Directions ::
Write out the full set of records exactly. Any pictures in them do not belong in the copy.

Information supplied ::

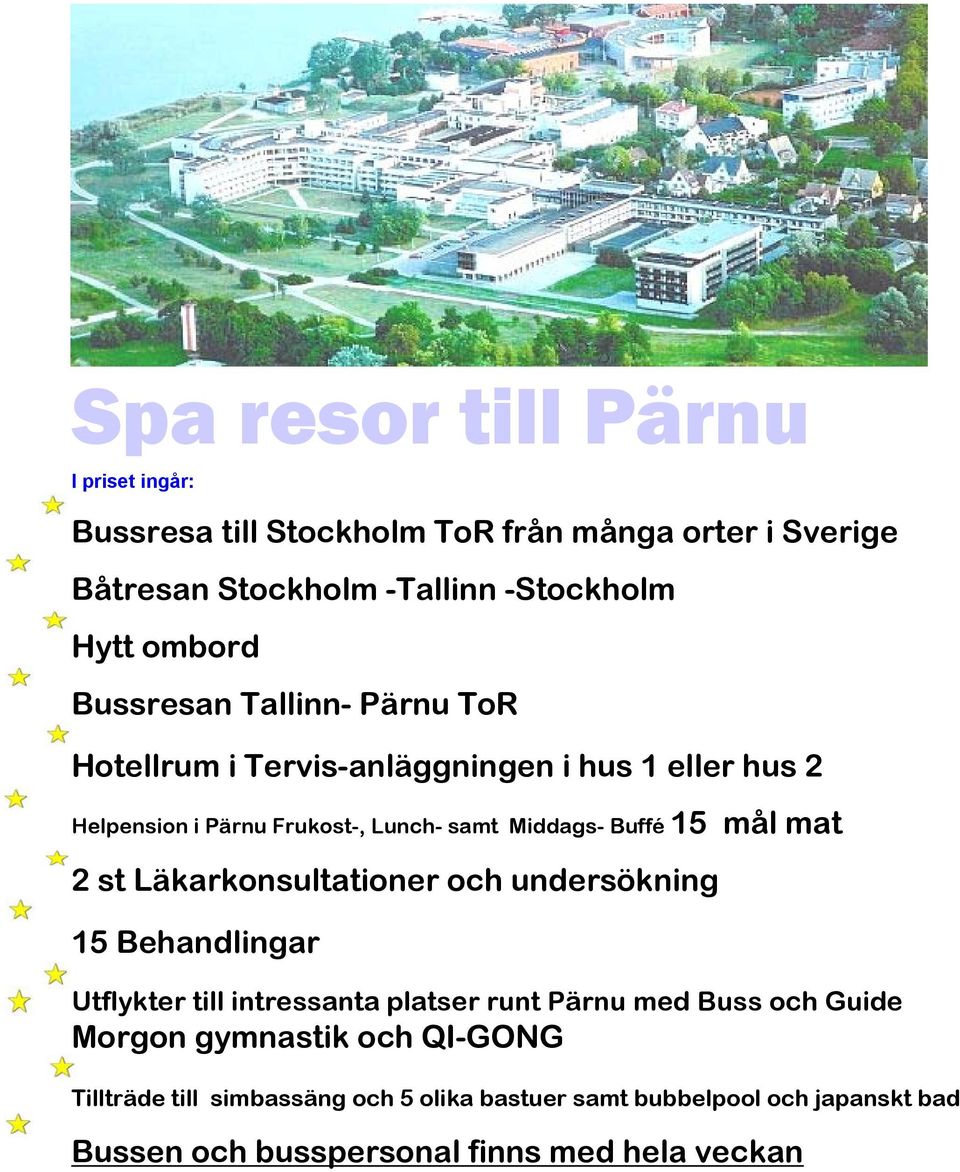 Buffé 15 mål mat 2 st Läkarkonsultationer och undersökning 15 Behandlingar Utflykter till intressanta platser runt Pärnu med Buss och Guide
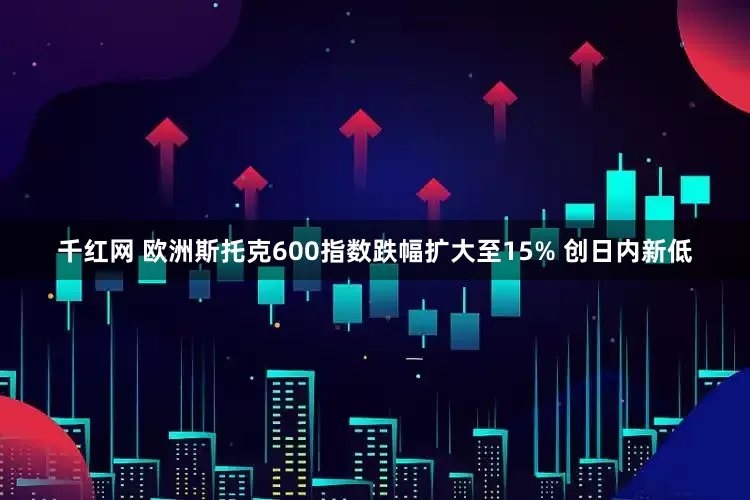 千红网 欧洲斯托克600指数跌幅扩大至15% 创日内新低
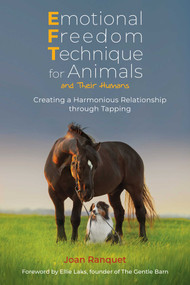Emotional Freedom Technique for Animals and Their Humans (Creating a Harmonious Relationship through Tapping) by Joan Ranquet, Ellie Laks, 9781644118078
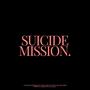 Suicide Mission. (Explicit)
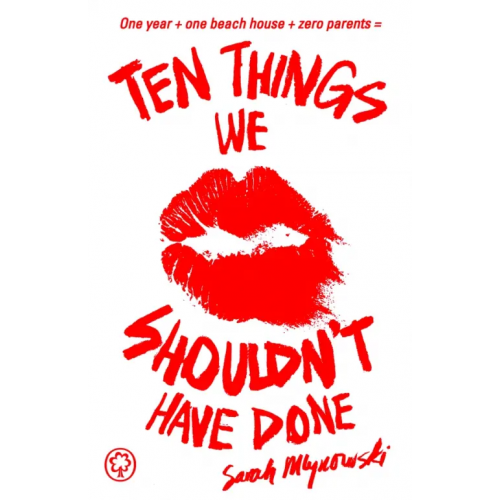 Orchard Book Ten Things We Shouldn't Have Done Млиновски Сара
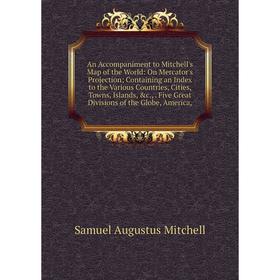 

Книга An Accompaniment to Mitchell's Map of the World: On Mercator's Projection; Containing an Index to the Various Countries, Cities, Towns, Islands,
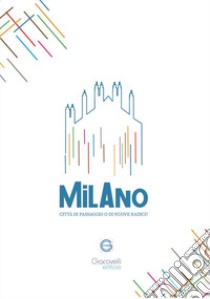 Milano città di passaggio o di nuove radici? libro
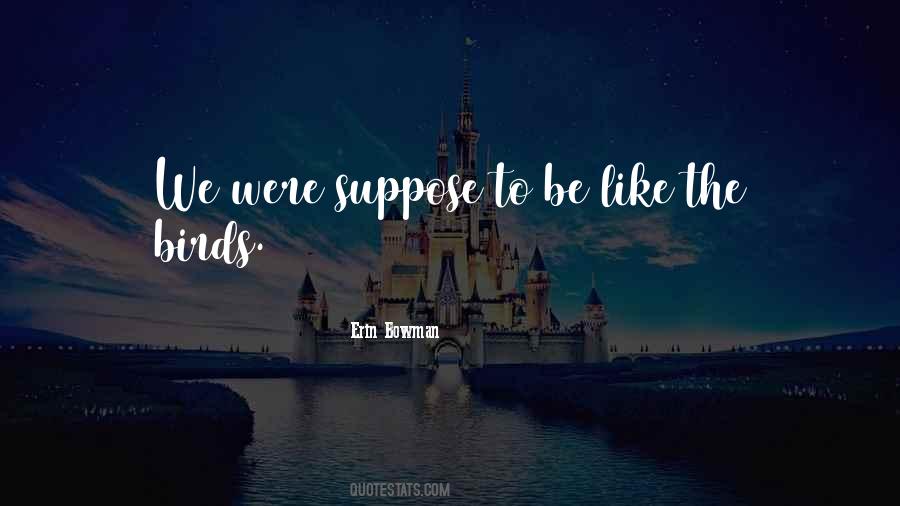 Erin Bowman Quotes #129840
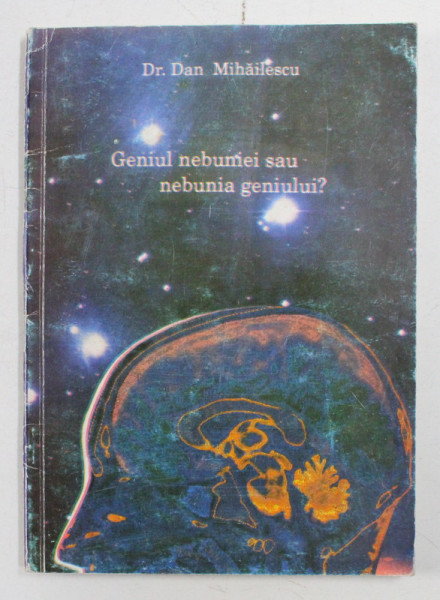 GENIUL NEBUNIEI SAU NEBUNIA GENIULUI DE DR . DAN MIHAILESCU , 1994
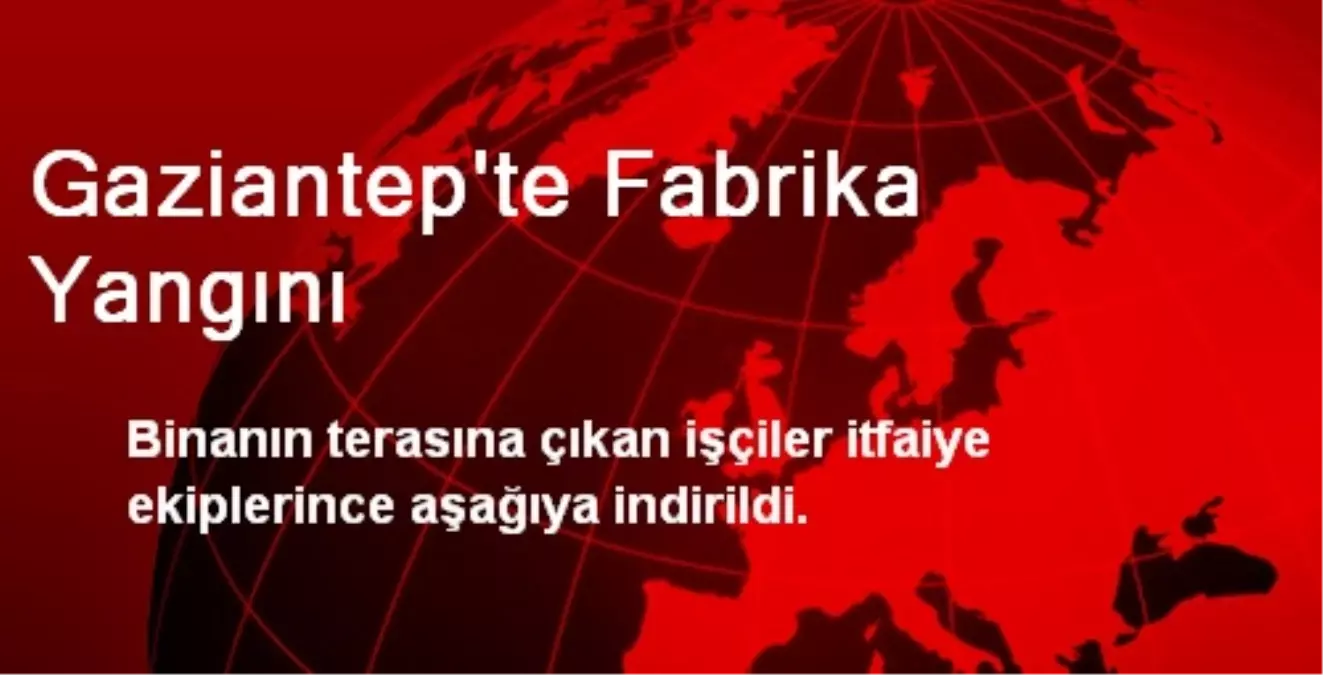 Gaziantep\'te Fabrika Yangını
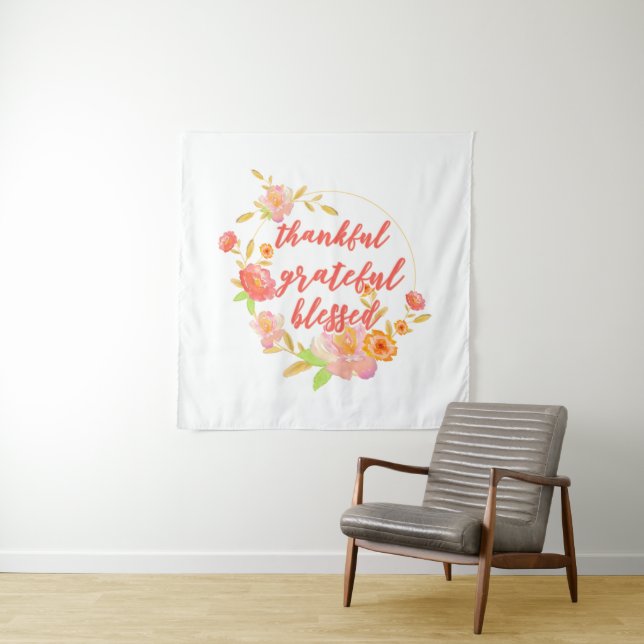 Thankful Grateful Blessed Tapestry (In Situ)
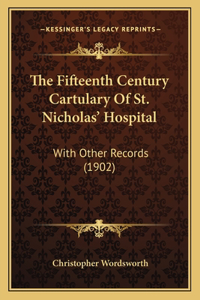 Fifteenth Century Cartulary Of St. Nicholas' Hospital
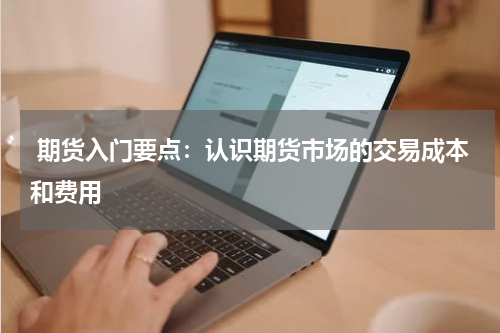  期货入门要点：认识期货市场的交易成本和费用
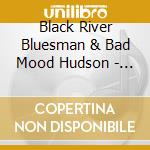Black River Bluesman & Bad Mood Hudson - Moonshine Medicine cd musicale di Black River Bluesman & Bad Mood Hudson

Answer to this problem ::
 Buffé 15 mål mat 2 st Läkarkonsultationer och undersökning 15 Behandlingar Utflykter till intressanta platser runt Pärnu med Buss och Guide
 千红网 欧洲斯托克600指数跌幅扩大至15% 创日内新低
Emotional Freedom Technique for Animals and Their Humans (Creating a Harmonious Relationship through Tapping) by Joan Ranquet, Ellie Laks, 9781644118078
 Suicide Mission. (Explicit)
 Orchard Book Ten Things We Shouldn't Have Done Млиновски Сара

Книга An Accompaniment to Mitchell's Map of the World: On Mercator's Projection; Containing an Index to the Various Countries, Cities, Towns, Islands,
 Milano città di passaggio o di nuove radici? libro
 Erin Bowman Quotes #129840
 GENIUL NEBUNIEI SAU NEBUNIA GENIULUI DE DR . DAN MIHAILESCU , 1994
 Gaziantep\'te Fabrika Yangını
 Thankful Grateful Blessed Tapestry (In Situ)
 Fifteenth Century Cartulary Of St. Nicholas' Hospital
  期货入门要点：认识期货市场的交易成本和费用
Black River Bluesman & Bad Mood Hudson - Moonshine Medicine cd musicale di Black River Bluesman & Bad Mood Hudson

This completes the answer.